▶ _Work instructions_
Below are the records; give again exactly the lines from the one containing "Moderate To Late" through the one containing "Immunohistochemistry-Paraffin: TMEPAI Antibody", leaving out pictures.

▶ _Records to use_
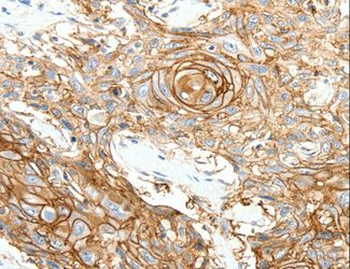 SCN10A/Nav1.8 Antibody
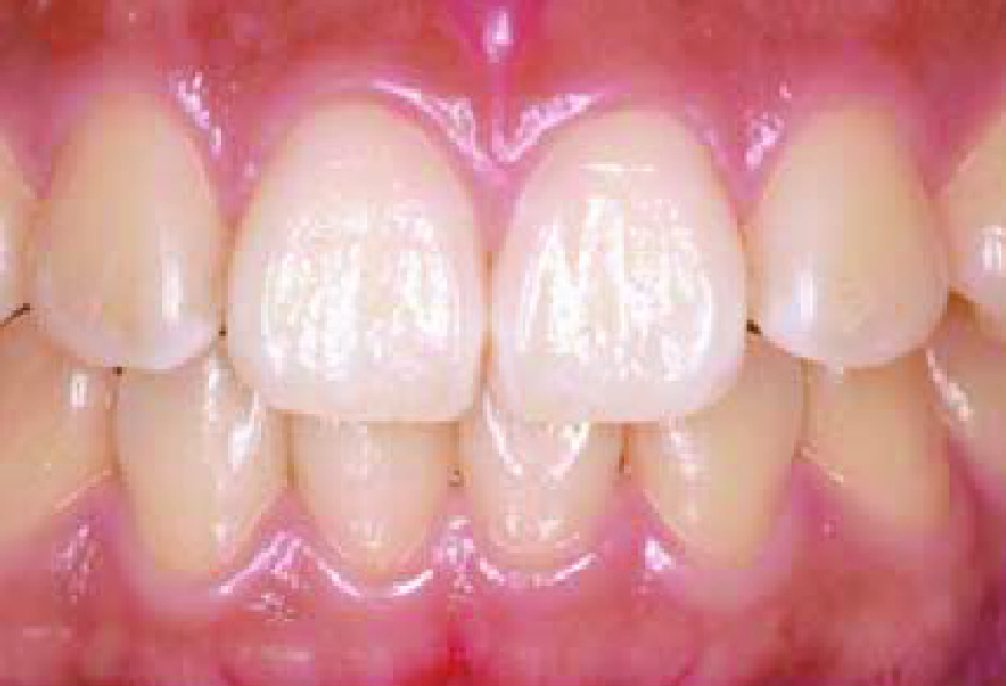 Front view of teeth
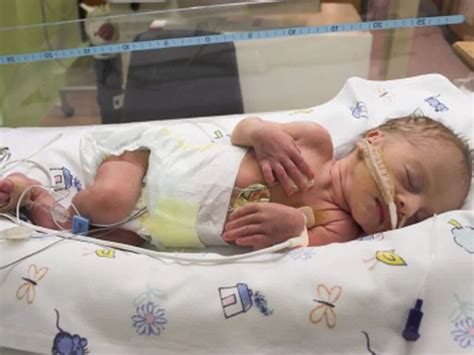 Moderate To Late Preemies Likely Go Home At 36 Weeks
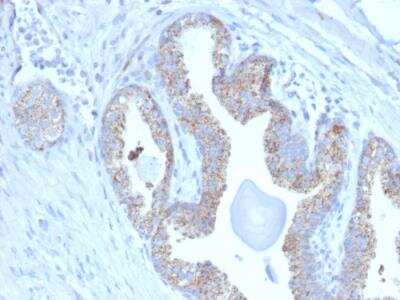 Immunohistochemistry-Paraffin: TMEPAI Antibody (PMEPA1/2697) - Azide and BSA Free [NBP2-79892] - Formalin-fixed, paraffin-embedded human Prostate Carcinoma stained with PMEPA1 Mouse Monoclonal Antibody (PMEPA1/2697).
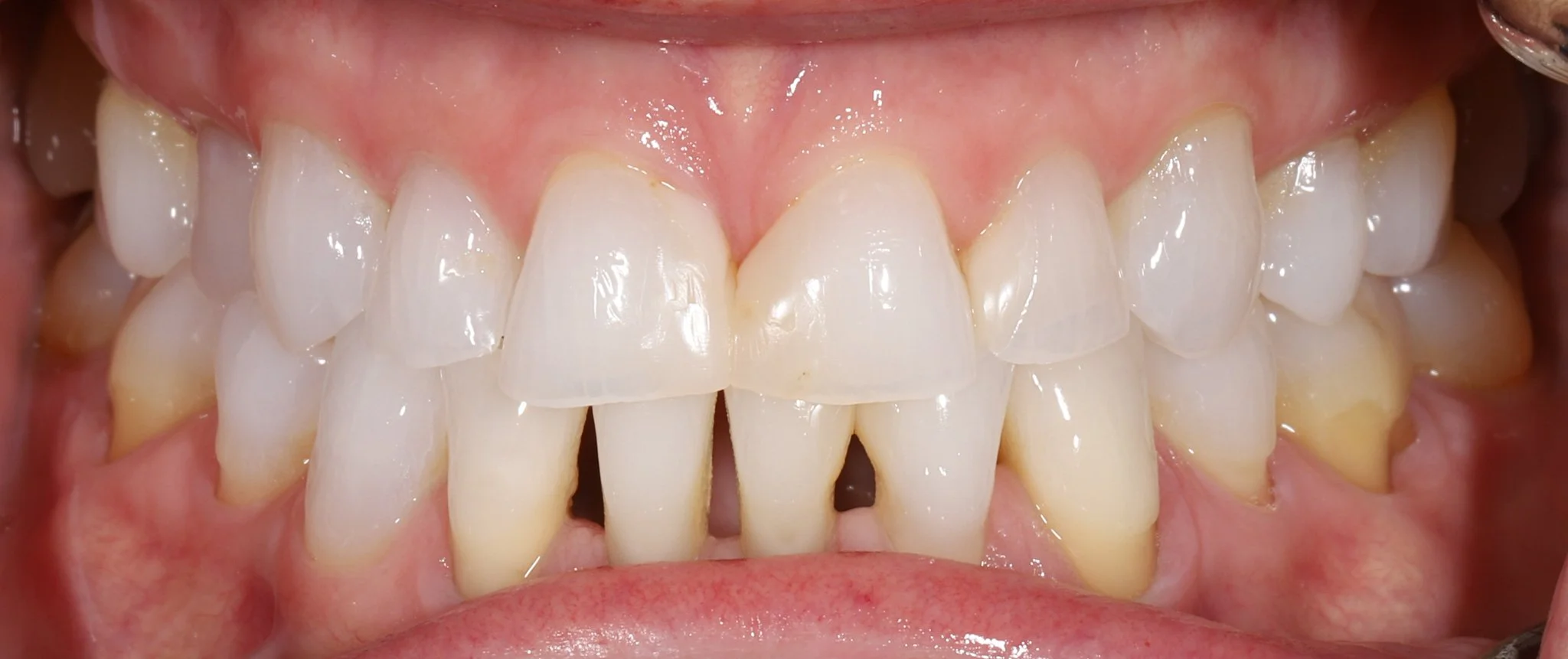 Close-up view of patient's teeth showing wear, acid erosion, misalignment and black triangles.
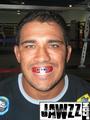 Jawzz Custom Mouthguards and The Fightdentist.com profile picture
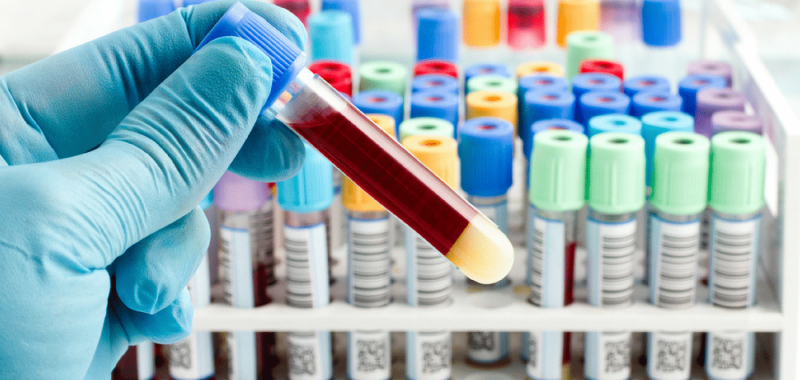 What Happens To Your Body & Blood When You Race Back-To-Back Spartan Races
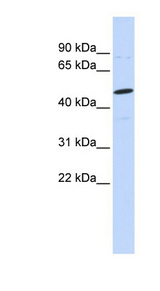 CSPG5 / Neuroglycan C Antibody - CSPG5 / Neuroglycan C antibody Western blot of MCF7 cell lysate. This image was taken for the unconjugated form of this product. Other forms have not been tested.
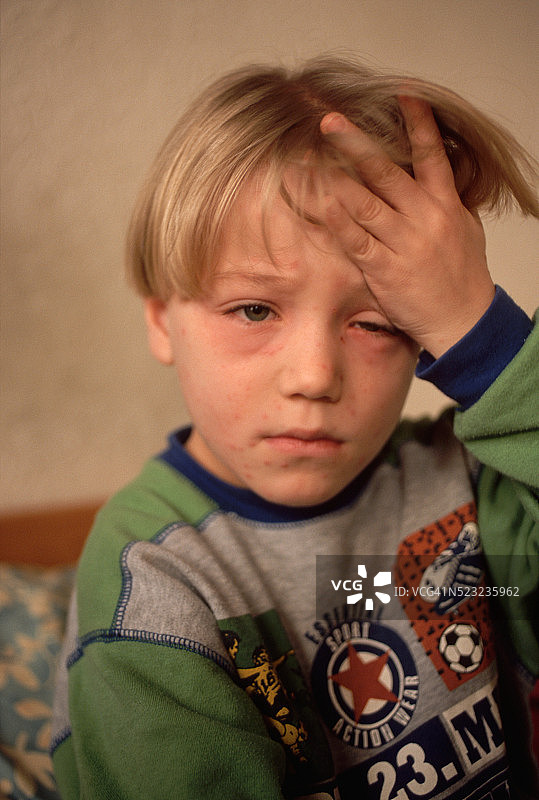 患水痘的图努伊·弗兰肯图片素材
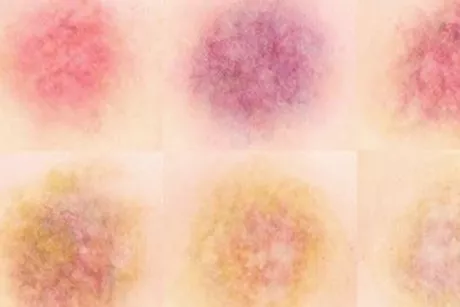 من الإصابة للشفاء- إليك المراحل التي تمر بها الكدمة "فيديوجرافيك"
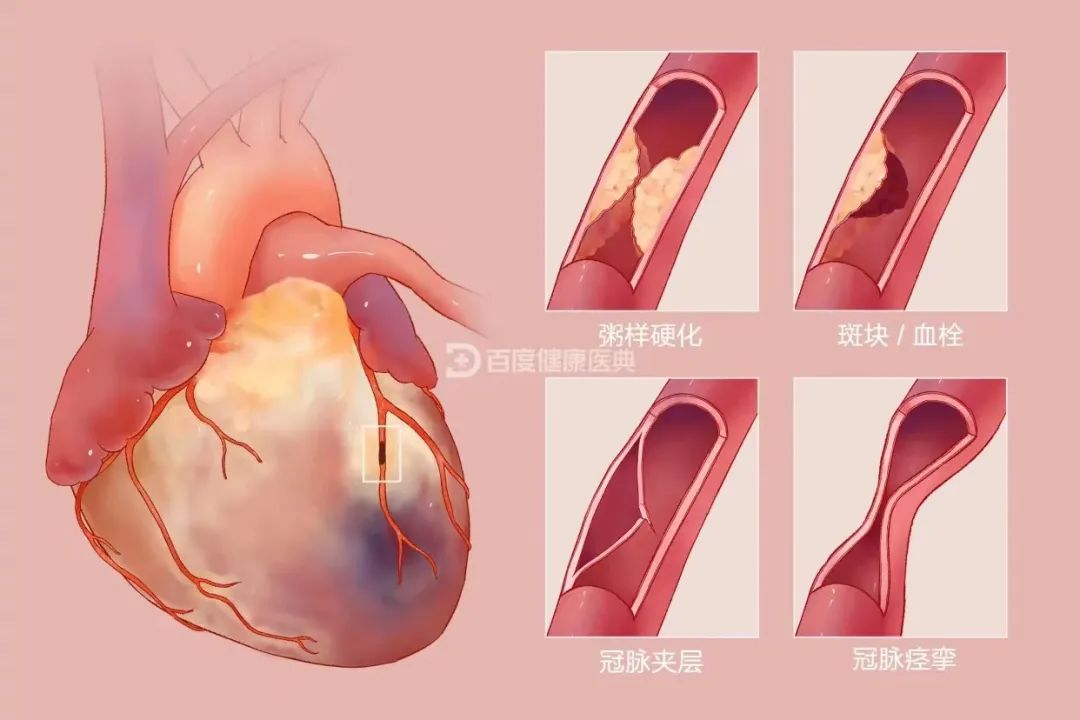 干细胞疗法-针对心肌梗死安全性与有效性的研究观察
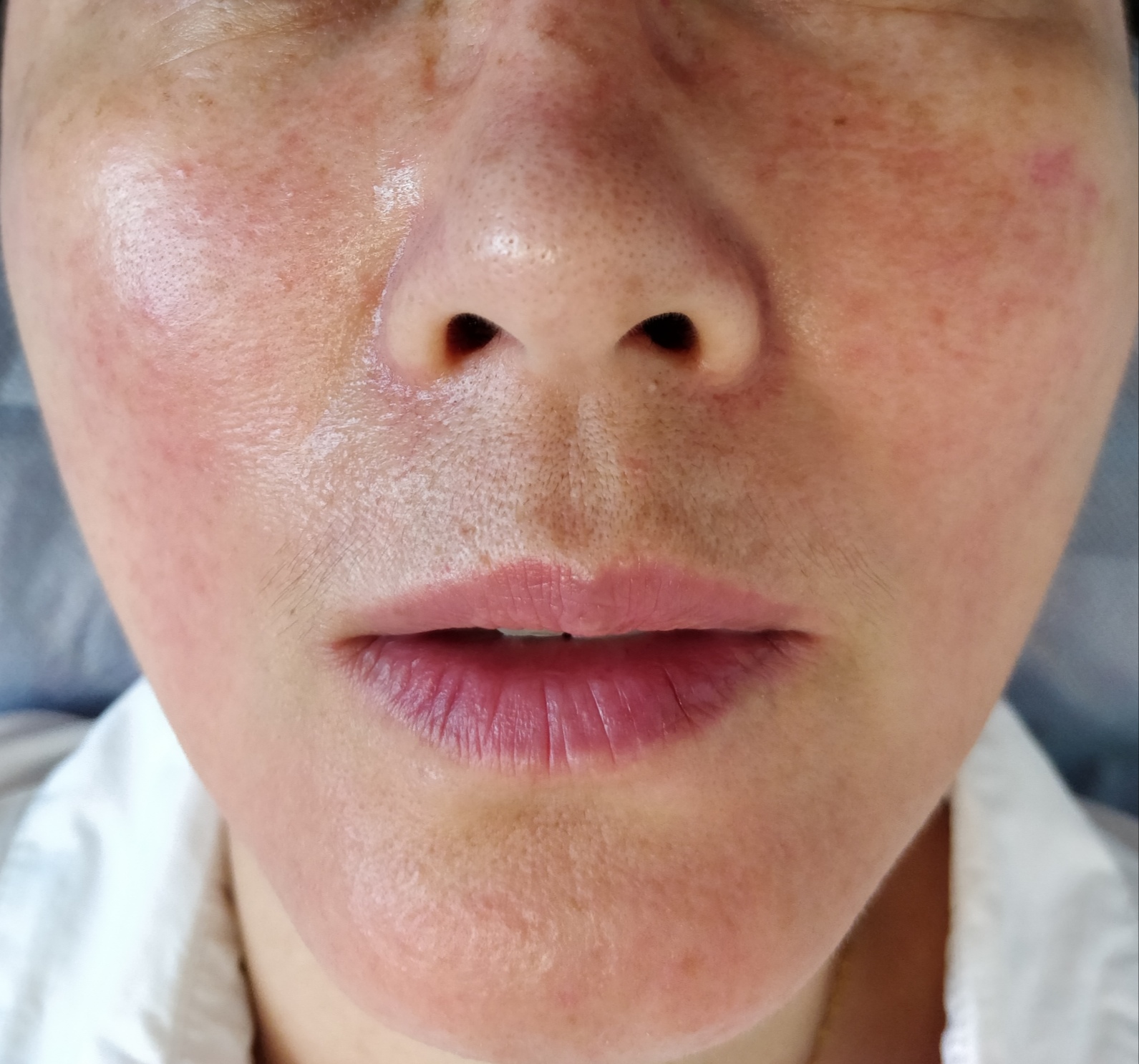 玫瑰痤疮潮红灼热怎么整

▶ _Answer box_
 Moderate To Late Preemies Likely Go Home At 36 Weeks
 Immunohistochemistry-Paraffin: TMEPAI Antibody (PMEPA1/2697) - Azide and BSA Free [NBP2-79892] - Formalin-fixed, paraffin-embedded human Prostate Carcinoma stained with PMEPA1 Mouse Monoclonal Antibody (PMEPA1/2697).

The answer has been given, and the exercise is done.